La CADHP doit également soutenir la lutte contre l’impunité dans les pays engagés dans des processus de sortie de crise comme en République centrafricaine et sa Cour pénale spéciale. C’est également le cas en Côte d’ivoire qui présente son rapport périodique à cette session et où le procès de Simone Gbagbo qui vient de reprendre à Abidjan démontre que, 5 ans après la crise post-électorale, la justice ivoirienne n’a toujours pas démontrée qu’elle avait pu mettre en place une autre justice que celle des vainqueurs. Les procédures judiciaires contre les pro-gbagbo demeurent toujours faibles, tandis celles contre les éléments des Forces républicaines de Côte d’ivoire (FRCI) s’étant rendus responsables de crimes graves, devront également aboutir à des procès. La Guinée doit elle aussi organiser depuis plus de 5 ans le procès du massacre du stade du 28 septembre 2009 comme le Mali qui doit toujours tenir le procès du putschiste Aya Sanogo. Mais comment rendre justice aux victimes burundaises, sud soudanaises, celles de Boko Haram, des Chebabs ou celles des services de sécurité qui au nom de la lutte contre le terrorisme tuent sans discrimination quand les justices nationales n’en ont ni la volonté ni la capacité ?

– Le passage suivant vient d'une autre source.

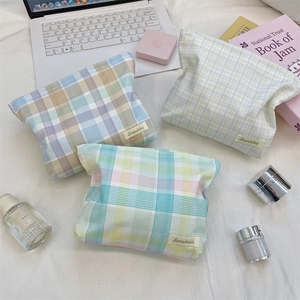 Detailed view of three plaid cosmetic bags in rainbow colors on a white bed sheet
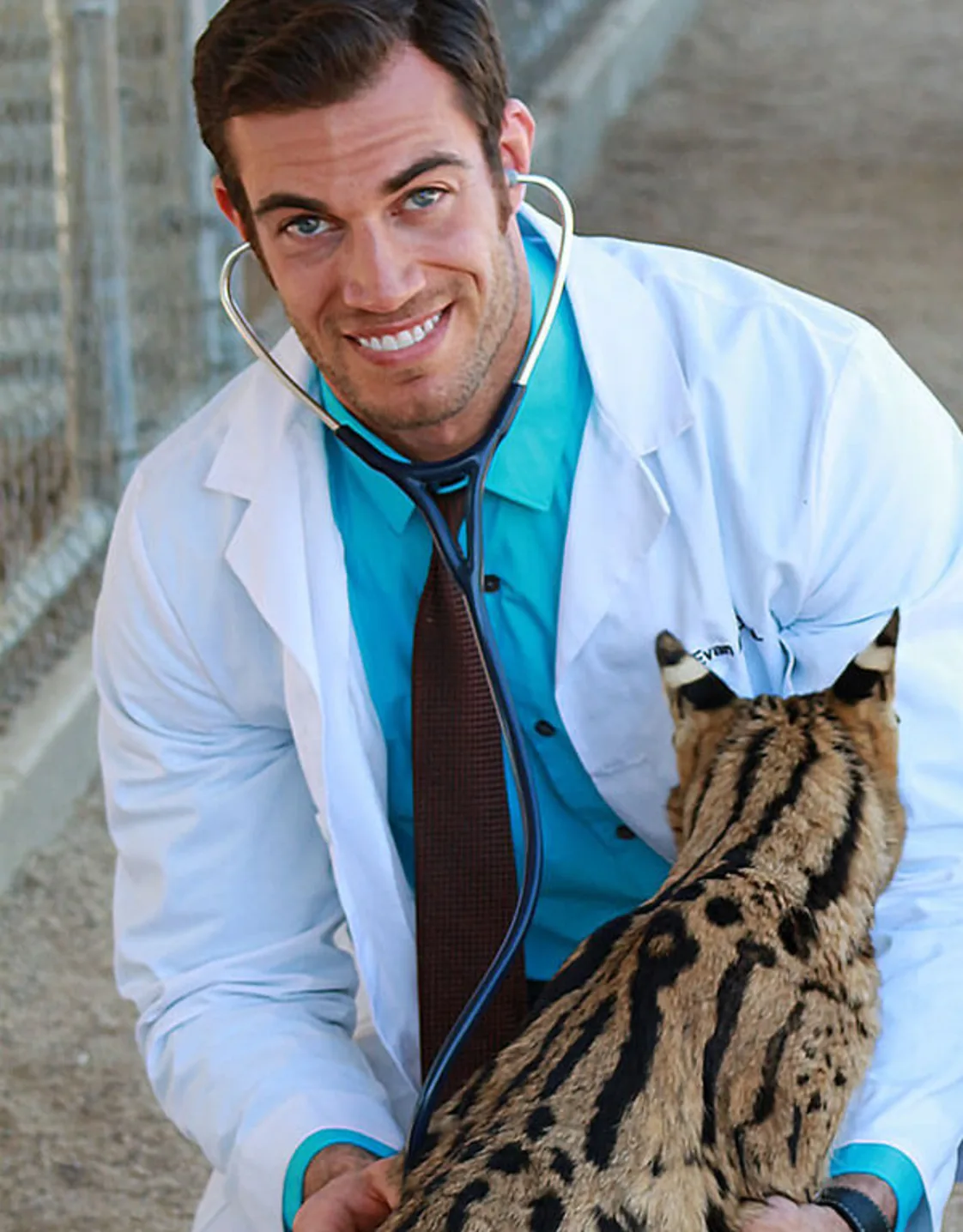 Dr. Evan Antin with a large cat Dr. Evan Antin with a large cat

« L’Afrique peut-elle vraiment juger seule ses bourreaux quand le protocole de Malabo censé remplacer la Cour pénale internationale en Afrique garantit l’impunité aux chefs d’Etats, aux chefs de gouvernements et à leurs familles et collaborateurs ? » a déclaré Me Drissa Traoré, vice-président de la FIDH.
La CADHP devrait adopter une résolution rappelant aux Etats africains leur obligation de juger les auteurs des crimes les plus graves et les exhortant à continuer d’être présent en masse au sein de la CPI pour peser de tout leurs poids pour que les crimes commis sur les autres continents soient jugés par la CPI comme ceux des africains.
Autres priorités de la FIDH lors de la 59ème Session ordinaire de la CADHP
Cette session de la Commission s’inscrit dans le cadre de l’ « Année africaine des droits de l’Homme avec un accent particulier sur les droits des femmes ». La FIDH publie à cette occasion deux notes de position, l’une sur la situation des femmes et l’autre sur la situation des réfugiés, demandeurs d’asile, personnes déplacées et migrants en Afrique. Elle formule également des recommandations pour que les États transforment leurs engagements en progrès concrets. La FIDH mènera également des actions de plaidoyer en faveur de l’abolition de la peine de mort et de l’adoption, par l’Union africaine, d’un Protocole à la Charte africaine portant abolition de la peine de mort ; de l’organisation de processus électoraux réguliers, crédibles et sécurisés en Afrique ; de même que sur les situations des droits humains en Côte d’Ivoire, pays sous examen lors de cette session, en Guinée-Conakry, au Soudan du Sud, au Burundi et en République démocratique du Congo.